I believe that you are confusing PAE (Physical Address Extension) with PSE (Page Size Extensions) and AWE (Addressing Window Extensions).
You are right in that remapping addresses to give the process more than 4 GiB of memory is expensive.
We're not talking about that - we're not talking about giving the process more than 4 GiB.
We're letting the system manage more than 4 GiB of total RAM, but only giving a max of 4 GiB to processes.
This is not inefficient, since the operating system handles pages via page numbers, not addresses. Since the page is 4KiB in size, a 32-bit page number can describe far more than 4 GiB.
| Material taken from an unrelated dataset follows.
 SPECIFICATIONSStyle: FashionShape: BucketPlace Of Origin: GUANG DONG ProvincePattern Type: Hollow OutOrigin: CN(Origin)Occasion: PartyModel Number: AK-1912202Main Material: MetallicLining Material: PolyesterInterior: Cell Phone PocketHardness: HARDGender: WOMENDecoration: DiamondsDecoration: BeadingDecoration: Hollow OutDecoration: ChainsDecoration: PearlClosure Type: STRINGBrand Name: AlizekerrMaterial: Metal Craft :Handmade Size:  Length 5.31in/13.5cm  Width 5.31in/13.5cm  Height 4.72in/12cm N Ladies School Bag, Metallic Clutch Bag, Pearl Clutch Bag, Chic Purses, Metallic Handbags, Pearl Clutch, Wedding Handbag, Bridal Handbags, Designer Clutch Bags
There is no appreciable performance loss to running large memory Windows or Linux systems using PAE. The hit comes if you use PSE and/or AWE to force remapping in order to "cheat" and use more than 4 GiB in a single application.
The real issue here doesn't have much to do with the extension technology. There are two main programming models for 64-bit systems - ILP64 and LP64.
In the first, the "c" datatypes "int", "long" and "pointer" are 64-bits. In the second, "ints" remain 32-bits while "longs" and "pointers" become 64-bits.
ILP64 has the advantage that casting an "int" to a "pointer" (or vice versa) doesn't cause problems - but it has the disadvantage of using 64-bits for a default integer.
As long as the chip supports both 32-bit and 64-bit integers, it's an OS design choice whether to use ILP64 or LP64. Most choose LP64.
"Tiger supports the industry standard LP64 programming model supported by other 64-bit Unix systems. This means developers can easily port 64-bit code to Tiger. LP64 support in Tiger provides for 64-bit pointer, long, and long long but preserves 32-bit integer data types."
http://www.apple.com/macosx/tiger/64bit.html
As far as the "crazy math" comment, note that all of your machines have 64-bit or larger filesystems (if you can have files bigger than 4 GiB, you need 64-bit filesystem data).
The system has to use 64-bit integer arithmetic to work with files - but fortunately this does not fall into the "performance critical" arena. There's so much else going on with file access that a couple of extra "add" instructions aren't important.